グリーンスパンによれば、アメリカ的な市場資本主義を活かすためにFRBが果たすべき役割は物価安定に尽きる。これに対し選挙区への配慮から雇用を優先する議会は、足元の景気後退を招く金利引き上げには常に抵抗してきた。こうした抵抗がグリーンスパンの在任中にほとんど見られなかったのは、グローバル化に伴う競争市場への膨大な労働力参入によって「ディスインフレ圧力が生まれ」、「『ブレーキに軽くふれる』だけで」インフレを抑制できたからだ。
しかし、幸運はいつまでも続かない。その兆候は「中国からの輸入価格」上昇に現れており、労働力の参入が一段落して「ディスインフレ圧力が緩和すれば、アメリカ国内の物価上昇率と賃金上昇率が上向く」恐れがあるとグリーンスパンはいう。そうなれば物価安定をめざすFRBと議会の利害は対立し、議会の抵抗にFRBが屈するとアメリカ経済はスタグフレーションに陥ってしまうとグリーンスパンは懸念を示すのだ。

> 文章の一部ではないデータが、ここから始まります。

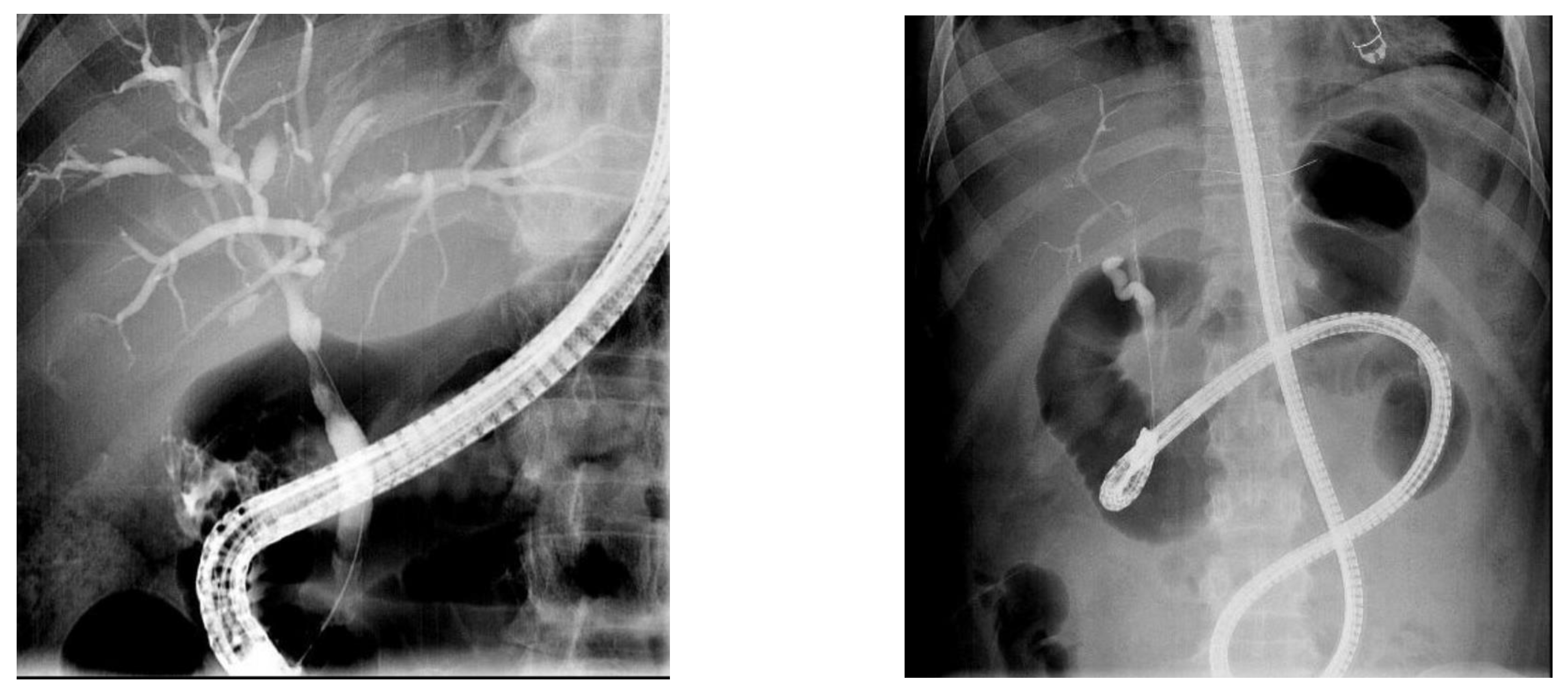 Diagnostics 14 00142 g002
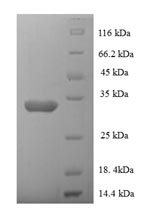 SDS-PAGE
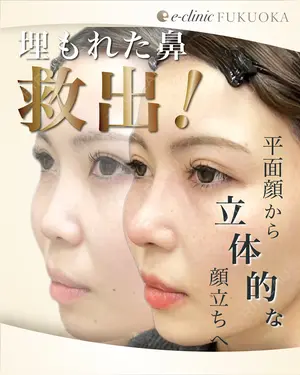 null days after image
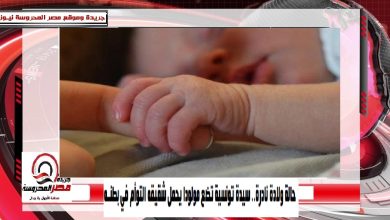 صورة حالة ولادة نادرة.. سيدة تونسية تضع مولودا يحمل شقيقه التوأم في بطنه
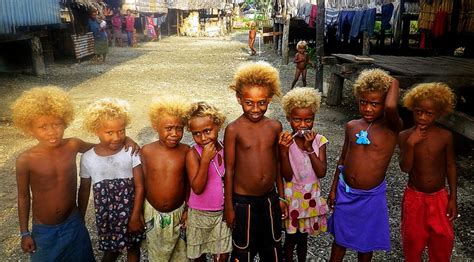Another Genetic Quirk Of The Solomon Islands Blond Hair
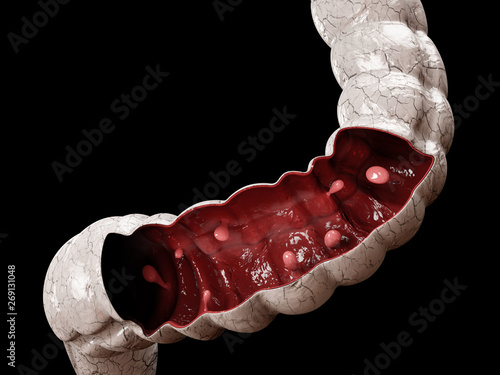 Colon polyps. 3d illustration, Polyp in the intestine. photo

本書の邦訳を機に18年強に及ぶグリーンスパンの舵取りを高く評価する声も多いが、評者には少なからず異論がある。それは、昨年来のサブプライム(低所得者向け住宅ローン)問題の主因である住宅バブルの引き金をひいたのも、また、根拠なき熱狂ではないかと警告しながら株価の高騰を放置してきたのもグリーンスパン時代のFRBだからだ。本書はグリーンスパンの素顔と考えを知る回顧録としては価値ある一冊だ。しかし、その政策と分析を評価するには改めて第三者の判断と歴史の審判が必要である。